Dr Shelley Feuer (U.S. Census Bureau)
Dr Michael Schober (New School for Social Research) - Presenting Author
In videomediated survey interviews, how will the small self-view window affect people's disclosure of sensitive information and self-reported feelings of comfort during the interviews? This study replicates and expands on previous research by (a) tracking where video survey respondents look on the screen—at the interviewer, at the self-view, or elsewhere—while answering questions and (b) examining how gaze location and duration differ for sensitive vs. nonsensitive questions and for more and less socially desirable answers. In a laboratory experiment, 133 respondents answered sensitive and nonsensitive questions taken from large scale US government and social scientific surveys over Skype, either with or without a self-view window. Respondents were randomly assigned to having a self-view or not, and interviewers were unaware of the self-view manipulation.
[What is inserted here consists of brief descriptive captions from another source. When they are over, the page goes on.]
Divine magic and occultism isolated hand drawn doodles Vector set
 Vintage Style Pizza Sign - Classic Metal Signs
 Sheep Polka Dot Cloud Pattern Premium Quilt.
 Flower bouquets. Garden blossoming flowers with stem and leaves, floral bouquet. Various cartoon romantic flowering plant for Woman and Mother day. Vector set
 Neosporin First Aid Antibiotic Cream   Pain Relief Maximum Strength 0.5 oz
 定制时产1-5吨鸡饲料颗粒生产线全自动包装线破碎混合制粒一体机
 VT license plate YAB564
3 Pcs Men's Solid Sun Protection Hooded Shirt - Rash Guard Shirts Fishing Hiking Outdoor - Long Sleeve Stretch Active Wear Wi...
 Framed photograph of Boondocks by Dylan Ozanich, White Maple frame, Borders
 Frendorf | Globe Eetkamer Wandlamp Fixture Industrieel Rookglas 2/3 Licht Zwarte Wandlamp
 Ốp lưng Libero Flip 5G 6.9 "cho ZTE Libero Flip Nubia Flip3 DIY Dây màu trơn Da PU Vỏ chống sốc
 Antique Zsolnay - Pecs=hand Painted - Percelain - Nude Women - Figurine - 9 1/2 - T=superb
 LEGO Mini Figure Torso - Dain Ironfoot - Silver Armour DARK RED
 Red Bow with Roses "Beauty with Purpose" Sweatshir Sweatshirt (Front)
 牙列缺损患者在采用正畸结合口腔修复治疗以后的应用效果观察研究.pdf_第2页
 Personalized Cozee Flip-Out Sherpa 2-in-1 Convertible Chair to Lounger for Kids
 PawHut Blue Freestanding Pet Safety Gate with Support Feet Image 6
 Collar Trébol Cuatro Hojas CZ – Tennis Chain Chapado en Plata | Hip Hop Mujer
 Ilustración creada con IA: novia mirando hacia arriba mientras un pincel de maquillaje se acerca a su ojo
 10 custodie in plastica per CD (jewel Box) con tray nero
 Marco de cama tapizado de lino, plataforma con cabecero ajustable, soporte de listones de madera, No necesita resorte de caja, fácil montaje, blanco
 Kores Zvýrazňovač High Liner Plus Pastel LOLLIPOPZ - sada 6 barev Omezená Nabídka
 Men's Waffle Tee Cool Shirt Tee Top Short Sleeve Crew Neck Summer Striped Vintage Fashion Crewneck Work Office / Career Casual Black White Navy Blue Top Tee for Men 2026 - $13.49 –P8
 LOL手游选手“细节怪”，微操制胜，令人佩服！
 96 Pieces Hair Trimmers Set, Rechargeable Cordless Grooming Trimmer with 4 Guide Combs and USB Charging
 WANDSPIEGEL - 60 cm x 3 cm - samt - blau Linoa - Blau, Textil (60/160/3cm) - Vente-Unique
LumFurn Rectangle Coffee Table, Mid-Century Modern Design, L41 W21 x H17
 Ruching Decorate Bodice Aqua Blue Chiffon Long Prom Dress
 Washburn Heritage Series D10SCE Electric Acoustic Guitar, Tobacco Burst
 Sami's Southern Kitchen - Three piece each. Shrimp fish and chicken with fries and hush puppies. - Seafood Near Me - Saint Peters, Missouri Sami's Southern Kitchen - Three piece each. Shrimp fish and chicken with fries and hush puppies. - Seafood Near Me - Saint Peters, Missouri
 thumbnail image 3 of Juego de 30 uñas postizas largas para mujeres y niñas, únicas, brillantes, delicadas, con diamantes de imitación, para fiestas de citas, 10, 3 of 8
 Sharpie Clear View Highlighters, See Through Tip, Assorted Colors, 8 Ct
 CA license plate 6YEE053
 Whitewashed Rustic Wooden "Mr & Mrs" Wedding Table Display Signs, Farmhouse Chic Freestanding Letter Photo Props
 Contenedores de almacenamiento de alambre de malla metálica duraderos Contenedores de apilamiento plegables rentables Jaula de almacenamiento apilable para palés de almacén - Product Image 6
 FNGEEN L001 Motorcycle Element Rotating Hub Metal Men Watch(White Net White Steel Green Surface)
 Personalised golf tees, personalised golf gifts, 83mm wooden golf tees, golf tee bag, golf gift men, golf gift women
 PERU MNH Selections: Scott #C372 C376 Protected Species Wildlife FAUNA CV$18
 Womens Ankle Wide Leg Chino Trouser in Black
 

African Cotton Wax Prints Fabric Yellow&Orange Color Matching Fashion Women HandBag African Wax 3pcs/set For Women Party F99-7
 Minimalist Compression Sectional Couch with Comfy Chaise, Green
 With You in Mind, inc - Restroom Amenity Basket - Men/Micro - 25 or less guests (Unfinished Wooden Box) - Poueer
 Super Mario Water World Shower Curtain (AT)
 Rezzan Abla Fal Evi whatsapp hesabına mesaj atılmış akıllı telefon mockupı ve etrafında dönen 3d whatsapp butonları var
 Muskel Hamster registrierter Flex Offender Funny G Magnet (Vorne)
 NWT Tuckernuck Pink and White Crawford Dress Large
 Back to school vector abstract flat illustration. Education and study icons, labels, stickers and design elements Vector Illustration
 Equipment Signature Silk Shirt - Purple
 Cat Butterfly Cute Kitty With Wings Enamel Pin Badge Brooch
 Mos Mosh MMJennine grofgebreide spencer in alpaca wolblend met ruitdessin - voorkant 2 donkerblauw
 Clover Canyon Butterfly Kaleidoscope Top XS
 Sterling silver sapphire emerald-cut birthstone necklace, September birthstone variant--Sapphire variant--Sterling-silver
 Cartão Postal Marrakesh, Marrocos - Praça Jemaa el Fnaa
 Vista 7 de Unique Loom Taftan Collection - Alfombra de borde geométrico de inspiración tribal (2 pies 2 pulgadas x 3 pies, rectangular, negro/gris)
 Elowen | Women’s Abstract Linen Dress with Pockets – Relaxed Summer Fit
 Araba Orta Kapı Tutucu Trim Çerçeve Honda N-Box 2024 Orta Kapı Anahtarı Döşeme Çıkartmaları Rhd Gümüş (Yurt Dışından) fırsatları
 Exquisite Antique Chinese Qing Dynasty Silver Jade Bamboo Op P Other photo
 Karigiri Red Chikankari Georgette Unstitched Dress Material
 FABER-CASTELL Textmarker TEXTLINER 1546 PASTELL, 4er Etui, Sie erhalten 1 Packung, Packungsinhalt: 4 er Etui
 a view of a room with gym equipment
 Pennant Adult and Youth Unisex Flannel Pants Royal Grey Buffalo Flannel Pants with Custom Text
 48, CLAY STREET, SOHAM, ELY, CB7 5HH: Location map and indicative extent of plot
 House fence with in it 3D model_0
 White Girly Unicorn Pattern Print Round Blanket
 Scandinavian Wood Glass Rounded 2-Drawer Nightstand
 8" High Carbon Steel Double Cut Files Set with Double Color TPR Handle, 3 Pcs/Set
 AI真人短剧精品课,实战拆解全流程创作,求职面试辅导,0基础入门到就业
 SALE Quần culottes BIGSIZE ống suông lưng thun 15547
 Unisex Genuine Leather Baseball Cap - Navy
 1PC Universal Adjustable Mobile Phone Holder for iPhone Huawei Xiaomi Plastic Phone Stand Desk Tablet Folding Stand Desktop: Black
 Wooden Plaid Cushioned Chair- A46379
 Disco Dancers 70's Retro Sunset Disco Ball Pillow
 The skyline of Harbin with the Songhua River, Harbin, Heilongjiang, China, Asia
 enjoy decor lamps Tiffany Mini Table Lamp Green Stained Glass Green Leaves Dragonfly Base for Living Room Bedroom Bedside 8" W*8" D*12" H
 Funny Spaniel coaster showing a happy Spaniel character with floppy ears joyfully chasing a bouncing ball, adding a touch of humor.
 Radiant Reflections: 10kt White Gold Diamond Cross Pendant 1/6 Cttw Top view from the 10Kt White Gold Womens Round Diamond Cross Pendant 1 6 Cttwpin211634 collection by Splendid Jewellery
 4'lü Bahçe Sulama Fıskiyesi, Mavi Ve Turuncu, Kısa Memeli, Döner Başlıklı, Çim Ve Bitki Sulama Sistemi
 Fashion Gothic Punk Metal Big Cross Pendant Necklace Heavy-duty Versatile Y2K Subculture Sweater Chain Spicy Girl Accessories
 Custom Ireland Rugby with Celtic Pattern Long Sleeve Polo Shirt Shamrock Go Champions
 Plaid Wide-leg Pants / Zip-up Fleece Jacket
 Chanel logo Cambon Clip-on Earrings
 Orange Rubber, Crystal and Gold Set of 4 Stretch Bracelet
Measures of gaze were recorded using an unobtrusive eye-tracking system. The results show that respondents who could see themselves looked more at the interviewer during question-answer sequences about sensitive (compared to nonsensitive) questions, while respondents without a self-view window did not. Respondents who looked more at the self-view window reported feeling less self-conscious and less worried about how they presented to the interviewer during the interview. Additionally, the self-view window increased disclosure for a subset of sensitive questions, specifically, total number of sex partners and frequency of alcohol use. Respondents who could see themselves reported perceiving the interviewer as more empathic, and reported having thought more about what they said (arguably reflecting increased self-awareness). For all respondents, gaze aversion—looking away from the screen entirely—was linked to socially undesirable responses and self-presentation concerns. The findings demonstrate that gaze patterns in videomediated interviews can be informative about respondents’ experience and their response processes. Findings like these can contribute to the design of new, potentially cost-saving video-based data collection interfaces.